Required action =
Take the lines below beginning at the line that has "Figurine Funko Pop" and stopping after the line that has "Интерны возвращаются на телевидение! Интерны", and print them exactly as they are, with no other lines.

[Brief descriptive captions]
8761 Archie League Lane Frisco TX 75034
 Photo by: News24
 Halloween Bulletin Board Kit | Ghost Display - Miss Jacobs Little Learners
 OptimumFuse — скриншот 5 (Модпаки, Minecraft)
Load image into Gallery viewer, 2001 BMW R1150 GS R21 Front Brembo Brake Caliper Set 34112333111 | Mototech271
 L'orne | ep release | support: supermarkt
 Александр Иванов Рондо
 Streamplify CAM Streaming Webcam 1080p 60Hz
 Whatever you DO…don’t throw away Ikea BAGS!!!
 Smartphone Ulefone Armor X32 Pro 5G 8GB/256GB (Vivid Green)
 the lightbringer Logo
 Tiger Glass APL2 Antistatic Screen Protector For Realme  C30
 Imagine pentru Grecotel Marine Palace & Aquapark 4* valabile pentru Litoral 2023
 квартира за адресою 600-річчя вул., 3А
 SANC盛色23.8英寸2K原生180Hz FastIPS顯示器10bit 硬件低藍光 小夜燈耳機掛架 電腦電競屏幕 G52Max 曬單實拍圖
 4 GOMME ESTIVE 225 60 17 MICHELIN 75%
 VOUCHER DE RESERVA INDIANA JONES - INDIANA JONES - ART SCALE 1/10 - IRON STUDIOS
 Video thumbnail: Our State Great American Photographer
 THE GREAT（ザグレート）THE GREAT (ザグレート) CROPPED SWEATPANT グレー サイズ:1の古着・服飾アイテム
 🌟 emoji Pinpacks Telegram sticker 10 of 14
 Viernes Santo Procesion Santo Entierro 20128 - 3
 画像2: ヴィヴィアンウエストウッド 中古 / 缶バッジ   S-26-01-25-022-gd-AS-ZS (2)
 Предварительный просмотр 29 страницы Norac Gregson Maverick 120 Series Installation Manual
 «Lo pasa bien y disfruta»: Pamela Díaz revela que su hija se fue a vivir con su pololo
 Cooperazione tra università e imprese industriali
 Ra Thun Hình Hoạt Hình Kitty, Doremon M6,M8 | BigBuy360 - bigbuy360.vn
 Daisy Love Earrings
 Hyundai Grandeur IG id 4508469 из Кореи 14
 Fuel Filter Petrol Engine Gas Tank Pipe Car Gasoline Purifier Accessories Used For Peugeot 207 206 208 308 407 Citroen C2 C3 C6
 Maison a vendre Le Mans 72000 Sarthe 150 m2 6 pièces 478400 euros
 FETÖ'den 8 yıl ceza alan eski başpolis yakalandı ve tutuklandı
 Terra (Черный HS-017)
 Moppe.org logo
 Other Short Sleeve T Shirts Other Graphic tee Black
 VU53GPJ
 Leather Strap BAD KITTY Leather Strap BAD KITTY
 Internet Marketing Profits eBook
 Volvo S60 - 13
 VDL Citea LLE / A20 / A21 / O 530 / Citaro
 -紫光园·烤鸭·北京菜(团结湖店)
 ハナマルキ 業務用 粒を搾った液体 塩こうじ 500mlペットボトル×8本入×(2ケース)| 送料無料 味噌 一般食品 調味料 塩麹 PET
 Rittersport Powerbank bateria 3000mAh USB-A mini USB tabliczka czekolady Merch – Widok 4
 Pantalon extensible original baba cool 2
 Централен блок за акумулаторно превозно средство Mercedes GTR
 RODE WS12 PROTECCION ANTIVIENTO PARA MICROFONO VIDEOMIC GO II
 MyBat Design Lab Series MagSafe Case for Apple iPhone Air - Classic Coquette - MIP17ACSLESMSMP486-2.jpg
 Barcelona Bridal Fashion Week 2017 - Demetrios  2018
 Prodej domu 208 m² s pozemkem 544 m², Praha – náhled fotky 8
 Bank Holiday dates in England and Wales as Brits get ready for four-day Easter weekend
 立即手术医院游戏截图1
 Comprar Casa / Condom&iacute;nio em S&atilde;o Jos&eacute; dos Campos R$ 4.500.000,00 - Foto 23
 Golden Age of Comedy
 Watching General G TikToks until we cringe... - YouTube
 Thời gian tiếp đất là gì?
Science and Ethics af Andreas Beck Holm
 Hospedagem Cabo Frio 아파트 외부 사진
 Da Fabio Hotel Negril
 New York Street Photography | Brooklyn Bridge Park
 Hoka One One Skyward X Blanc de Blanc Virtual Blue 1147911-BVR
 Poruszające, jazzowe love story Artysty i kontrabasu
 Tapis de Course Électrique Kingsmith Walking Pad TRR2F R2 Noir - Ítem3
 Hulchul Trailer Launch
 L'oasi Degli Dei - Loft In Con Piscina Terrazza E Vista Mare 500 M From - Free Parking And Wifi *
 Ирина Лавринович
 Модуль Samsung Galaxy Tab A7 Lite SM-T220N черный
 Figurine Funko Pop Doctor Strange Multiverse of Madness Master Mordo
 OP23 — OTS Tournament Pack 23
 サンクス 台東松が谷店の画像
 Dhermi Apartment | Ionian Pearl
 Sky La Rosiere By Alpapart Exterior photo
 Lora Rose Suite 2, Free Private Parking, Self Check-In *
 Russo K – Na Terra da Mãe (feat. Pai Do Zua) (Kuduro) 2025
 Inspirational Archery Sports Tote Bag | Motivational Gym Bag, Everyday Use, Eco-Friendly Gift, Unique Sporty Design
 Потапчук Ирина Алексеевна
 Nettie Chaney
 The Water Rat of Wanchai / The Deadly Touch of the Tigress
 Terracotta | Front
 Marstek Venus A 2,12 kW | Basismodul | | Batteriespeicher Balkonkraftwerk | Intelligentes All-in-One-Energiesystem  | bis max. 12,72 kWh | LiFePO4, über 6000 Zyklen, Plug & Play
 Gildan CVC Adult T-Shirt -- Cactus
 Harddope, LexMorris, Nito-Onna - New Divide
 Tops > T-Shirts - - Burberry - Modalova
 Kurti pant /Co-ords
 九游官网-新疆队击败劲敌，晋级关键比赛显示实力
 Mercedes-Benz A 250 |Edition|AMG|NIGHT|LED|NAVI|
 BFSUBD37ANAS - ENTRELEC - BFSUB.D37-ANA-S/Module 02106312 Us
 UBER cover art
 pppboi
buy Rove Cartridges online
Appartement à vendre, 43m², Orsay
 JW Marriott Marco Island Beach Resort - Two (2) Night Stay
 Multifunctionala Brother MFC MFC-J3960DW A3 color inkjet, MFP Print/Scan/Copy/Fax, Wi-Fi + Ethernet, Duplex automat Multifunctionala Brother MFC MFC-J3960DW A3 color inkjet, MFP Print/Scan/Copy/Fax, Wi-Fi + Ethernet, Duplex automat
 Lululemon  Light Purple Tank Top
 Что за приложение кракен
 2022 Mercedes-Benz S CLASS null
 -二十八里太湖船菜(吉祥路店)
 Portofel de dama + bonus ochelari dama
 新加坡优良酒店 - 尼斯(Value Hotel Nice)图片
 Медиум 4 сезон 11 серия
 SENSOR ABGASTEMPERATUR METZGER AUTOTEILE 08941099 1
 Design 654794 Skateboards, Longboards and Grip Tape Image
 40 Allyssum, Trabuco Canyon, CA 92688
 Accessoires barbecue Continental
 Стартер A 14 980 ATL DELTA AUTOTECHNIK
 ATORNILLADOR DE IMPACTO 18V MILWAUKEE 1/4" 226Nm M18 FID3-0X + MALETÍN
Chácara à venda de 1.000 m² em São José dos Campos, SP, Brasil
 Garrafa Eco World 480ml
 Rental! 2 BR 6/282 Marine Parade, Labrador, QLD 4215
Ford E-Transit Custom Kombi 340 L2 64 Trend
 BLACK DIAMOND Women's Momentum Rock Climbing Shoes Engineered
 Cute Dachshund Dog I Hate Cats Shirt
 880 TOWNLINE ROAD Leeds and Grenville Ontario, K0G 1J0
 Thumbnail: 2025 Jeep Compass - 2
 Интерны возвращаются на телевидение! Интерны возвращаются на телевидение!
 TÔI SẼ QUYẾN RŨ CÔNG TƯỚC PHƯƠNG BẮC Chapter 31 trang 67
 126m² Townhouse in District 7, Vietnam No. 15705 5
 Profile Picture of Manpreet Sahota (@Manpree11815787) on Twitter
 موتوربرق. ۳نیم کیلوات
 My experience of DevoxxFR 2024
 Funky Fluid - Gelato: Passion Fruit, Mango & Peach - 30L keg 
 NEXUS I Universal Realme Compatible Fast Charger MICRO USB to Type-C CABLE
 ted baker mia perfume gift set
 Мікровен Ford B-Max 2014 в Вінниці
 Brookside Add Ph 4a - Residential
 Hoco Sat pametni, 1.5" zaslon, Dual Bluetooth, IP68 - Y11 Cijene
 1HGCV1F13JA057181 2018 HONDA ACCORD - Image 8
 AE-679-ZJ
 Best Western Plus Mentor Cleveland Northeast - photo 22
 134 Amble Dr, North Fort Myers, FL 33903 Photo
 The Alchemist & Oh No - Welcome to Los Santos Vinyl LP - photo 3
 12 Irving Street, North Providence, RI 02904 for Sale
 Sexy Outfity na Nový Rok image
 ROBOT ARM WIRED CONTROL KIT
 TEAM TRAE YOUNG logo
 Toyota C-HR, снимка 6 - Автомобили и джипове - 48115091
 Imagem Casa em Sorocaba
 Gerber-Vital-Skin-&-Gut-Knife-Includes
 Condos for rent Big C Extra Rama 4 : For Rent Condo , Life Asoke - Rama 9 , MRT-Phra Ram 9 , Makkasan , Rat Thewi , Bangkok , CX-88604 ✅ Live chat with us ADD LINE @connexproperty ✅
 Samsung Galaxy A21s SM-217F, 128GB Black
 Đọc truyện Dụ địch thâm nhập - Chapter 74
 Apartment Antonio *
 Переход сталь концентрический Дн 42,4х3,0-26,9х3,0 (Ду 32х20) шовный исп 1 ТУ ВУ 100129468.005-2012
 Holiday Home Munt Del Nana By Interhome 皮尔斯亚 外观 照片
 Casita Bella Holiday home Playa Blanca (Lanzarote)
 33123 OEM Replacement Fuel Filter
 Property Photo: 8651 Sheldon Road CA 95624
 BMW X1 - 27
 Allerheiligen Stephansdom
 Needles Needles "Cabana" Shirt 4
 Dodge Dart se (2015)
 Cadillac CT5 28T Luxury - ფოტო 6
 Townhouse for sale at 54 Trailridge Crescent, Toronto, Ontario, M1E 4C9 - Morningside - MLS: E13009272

Answer to this task =
 Figurine Funko Pop Doctor Strange Multiverse of Madness Master Mordo
 OP23 — OTS Tournament Pack 23
 サンクス 台東松が谷店の画像
 Dhermi Apartment | Ionian Pearl
 Sky La Rosiere By Alpapart Exterior photo
 Lora Rose Suite 2, Free Private Parking, Self Check-In *
 Russo K – Na Terra da Mãe (feat. Pai Do Zua) (Kuduro) 2025
 Inspirational Archery Sports Tote Bag | Motivational Gym Bag, Everyday Use, Eco-Friendly Gift, Unique Sporty Design
 Потапчук Ирина Алексеевна
 Nettie Chaney
 The Water Rat of Wanchai / The Deadly Touch of the Tigress
 Terracotta | Front
 Marstek Venus A 2,12 kW | Basismodul | | Batteriespeicher Balkonkraftwerk | Intelligentes All-in-One-Energiesystem  | bis max. 12,72 kWh | LiFePO4, über 6000 Zyklen, Plug & Play
 Gildan CVC Adult T-Shirt -- Cactus
 Harddope, LexMorris, Nito-Onna - New Divide
 Tops > T-Shirts - - Burberry - Modalova
 Kurti pant /Co-ords
 九游官网-新疆队击败劲敌，晋级关键比赛显示实力
 Mercedes-Benz A 250 |Edition|AMG|NIGHT|LED|NAVI|
 BFSUBD37ANAS - ENTRELEC - BFSUB.D37-ANA-S/Module 02106312 Us
 UBER cover art
 pppboi
buy Rove Cartridges online
Appartement à vendre, 43m², Orsay
 JW Marriott Marco Island Beach Resort - Two (2) Night Stay
 Multifunctionala Brother MFC MFC-J3960DW A3 color inkjet, MFP Print/Scan/Copy/Fax, Wi-Fi + Ethernet, Duplex automat Multifunctionala Brother MFC MFC-J3960DW A3 color inkjet, MFP Print/Scan/Copy/Fax, Wi-Fi + Ethernet, Duplex automat
 Lululemon  Light Purple Tank Top
 Что за приложение кракен
 2022 Mercedes-Benz S CLASS null
 -二十八里太湖船菜(吉祥路店)
 Portofel de dama + bonus ochelari dama
 新加坡优良酒店 - 尼斯(Value Hotel Nice)图片
 Медиум 4 сезон 11 серия
 SENSOR ABGASTEMPERATUR METZGER AUTOTEILE 08941099 1
 Design 654794 Skateboards, Longboards and Grip Tape Image
 40 Allyssum, Trabuco Canyon, CA 92688
 Accessoires barbecue Continental
 Стартер A 14 980 ATL DELTA AUTOTECHNIK
 ATORNILLADOR DE IMPACTO 18V MILWAUKEE 1/4" 226Nm M18 FID3-0X + MALETÍN
Chácara à venda de 1.000 m² em São José dos Campos, SP, Brasil
 Garrafa Eco World 480ml
 Rental! 2 BR 6/282 Marine Parade, Labrador, QLD 4215
Ford E-Transit Custom Kombi 340 L2 64 Trend
 BLACK DIAMOND Women's Momentum Rock Climbing Shoes Engineered
 Cute Dachshund Dog I Hate Cats Shirt
 880 TOWNLINE ROAD Leeds and Grenville Ontario, K0G 1J0
 Thumbnail: 2025 Jeep Compass - 2
 Интерны возвращаются на телевидение! Интерны возвращаются на телевидение!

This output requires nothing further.